We thought it might help others to hear Cally’s experience, told in her words:
“Chemo is not for me I’m afraid,” I said to Mr Harris, the breast surgeon who had last week removed my left breast and a few lymph nodes. “There’s no cancer in the lymph nodes so it probably hasn’t spread so I’m not having chemo. I’m just not.”
Mr Harris struggles with eye contact but he managed to looked at me and said: “It is your choice, of course. Would you like to discuss it with Mrs Stewart, the chemotherapy doctor, next week?”
Mrs Stewart was running late. I studied the women waiting with me. Pale-skinned, lashless and wearing a variety of scarves, turbans and hats, they were all ages and did not look well. I did not fit in.
Mrs Stewart was a small dark haired woman with muscly calves. She obviously worked out and her maroon suit was a neat fit. Her long thin nose and red lips reminded me of Morticia from the Addams family.
“This is the closest to a cure we have. Survival rates and recovery have improved a great deal over the past 15-20 years,” she said.
As I’d requested, she keyed my age and the details of the cancer into a computer programme. She pressed print and it churned out two pages of graphs and percentages showing the likely recurrence with treatment and without treatment. She handed it to me.

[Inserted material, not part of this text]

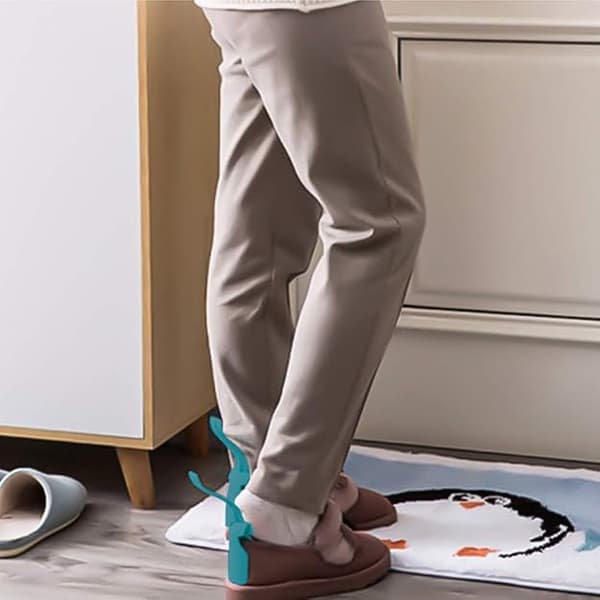 Pink & Blå & Grå Lazy Shoe Helper, 6 stk. Nyttig Bærbar S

“Bear in mind that this is based on the general population so it is only a guide,” she said.
I looked at it. Having chemotherapy and the super-drug, Herceptin, would increase my chances of surviving another 10 years by 15%. Whooppeedoo.
“I hope you don’t mind but I’d like to get a second opinion,” I said.

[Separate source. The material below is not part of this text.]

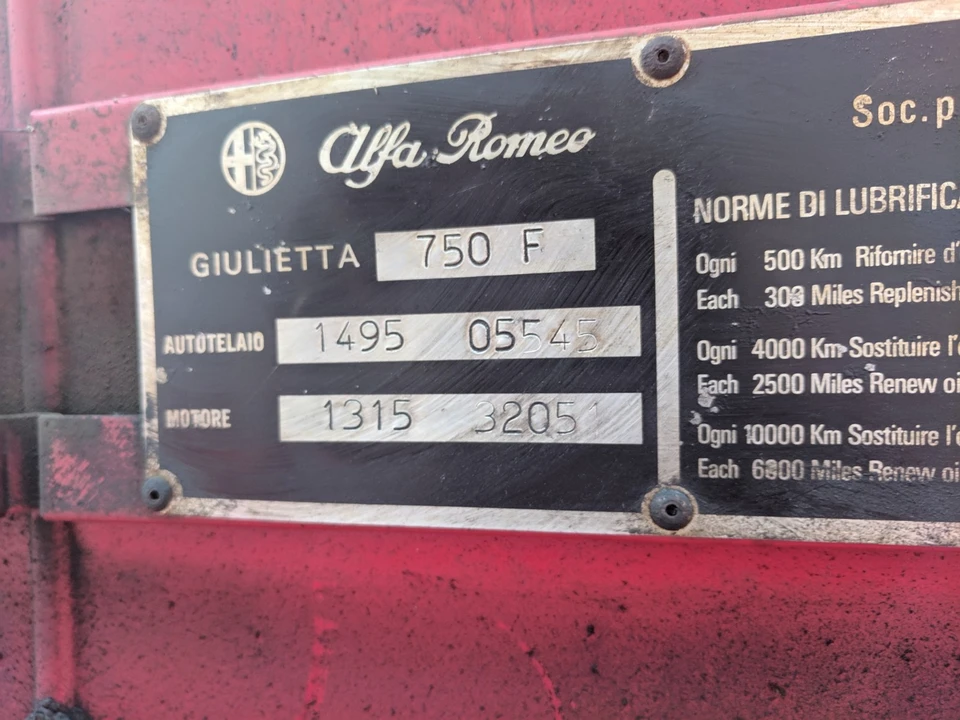 1959 Alfa Romeo 1900 - Image 3 of 21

I met two breast cancer experts in Germany. I spoke to many women who had been through the same. I gritted my teeth and agreed to have the recommended six doses of chemotherapy.
Now I am emerging from chemo country. Apples no longer taste of metal, cravings for marmite and crisps have gone, hair is growing on top of my head like a thick mat of white and grey whorls. I can almost flutter my eyelashes.

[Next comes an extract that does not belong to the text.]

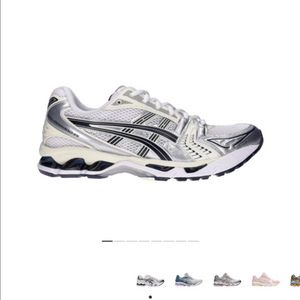 (새상품) 아식스 젤카야노14 화이트미드나잇 250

I have produced a booklet of advice for friends, family, colleagues and for people on chemo: Quick Fixes While on Chemo. It’s on sale on ebay and profits are for the Maggie’s Centre, a warm and wonderful space that I used and continue to use regularly.
Thanks Cally for sharing. Quick fixes, tips and real life experiences always welcome on Fling. Please share. Email us.
After reading about Lynda Bellingham’s book and with her experience of chemotherapy (Tell me tomorrow) If I were to diagnosed with a cancer. At my age of 70 I would give the chemo a miss, and die in peace with palliative care.